**Work item**
Nothing but the lines from the one containing "Imagen 70 de Deep Space Shooter" through the end of the data below should appear in the answer, each exact and free of pictures.

=== Section Start ===

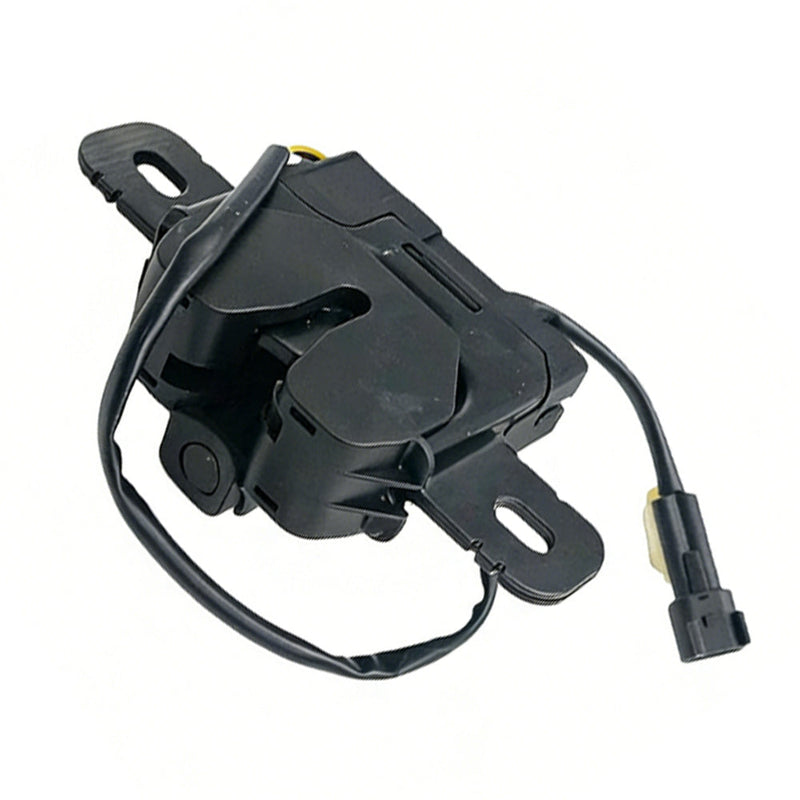 Front Hood Latch Lock to suit Volvo S60 2011-2018 — image 1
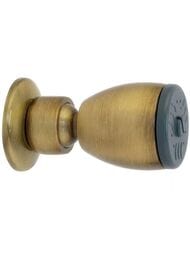 Форсунка массажная Migliore PERRY бронза ML.RIC-39.330.BR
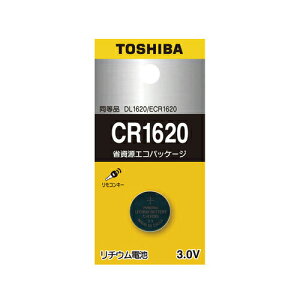 ���� ���`�E���{�^���d�r CR1620EC CR1620EC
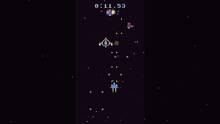 Imagen 70 de Deep Space Shooter
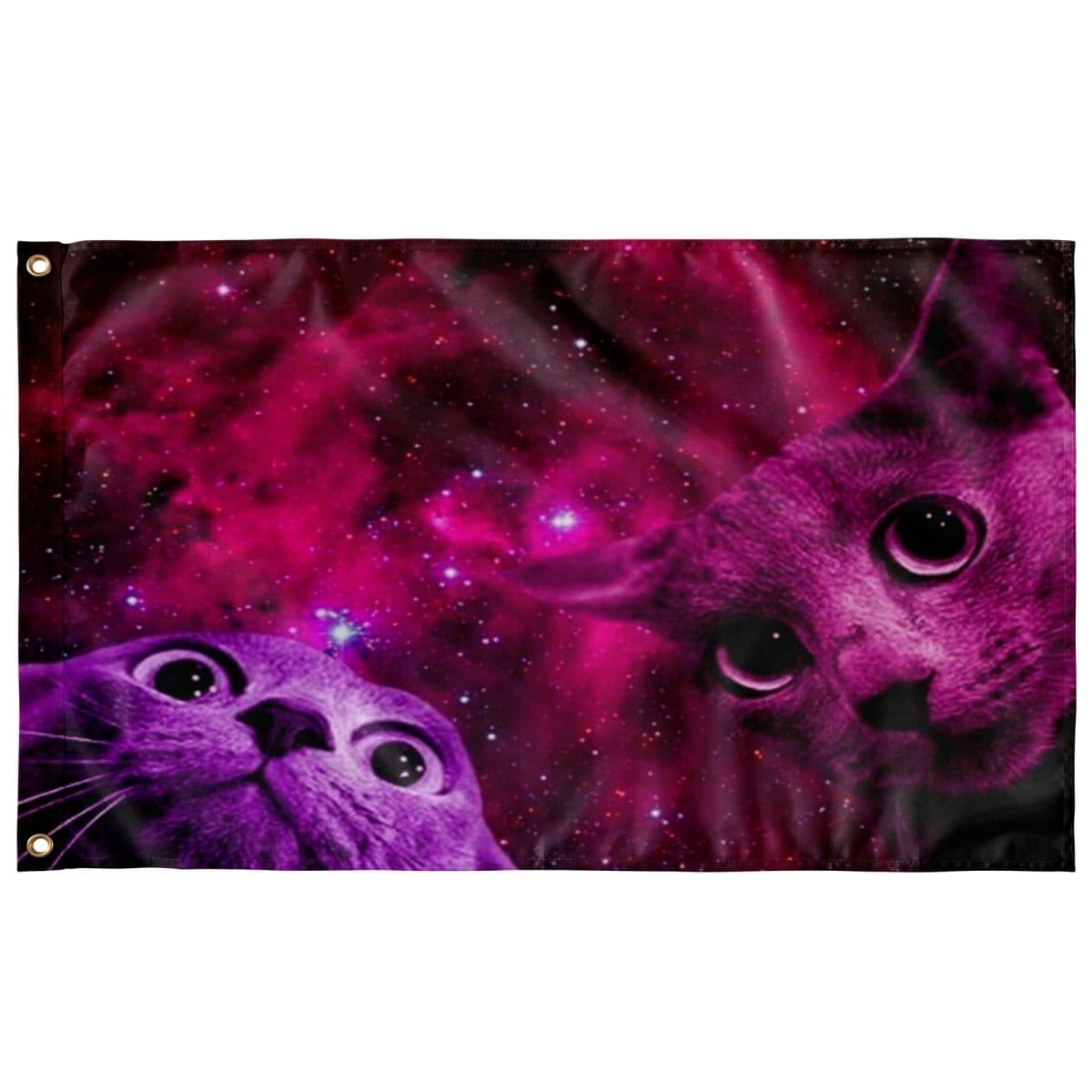 pink-trippy-cats-flag-631299.jpg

=== Section End ===

**Response for this exercise**
 Imagen 70 de Deep Space Shooter
 pink-trippy-cats-flag-631299.jpg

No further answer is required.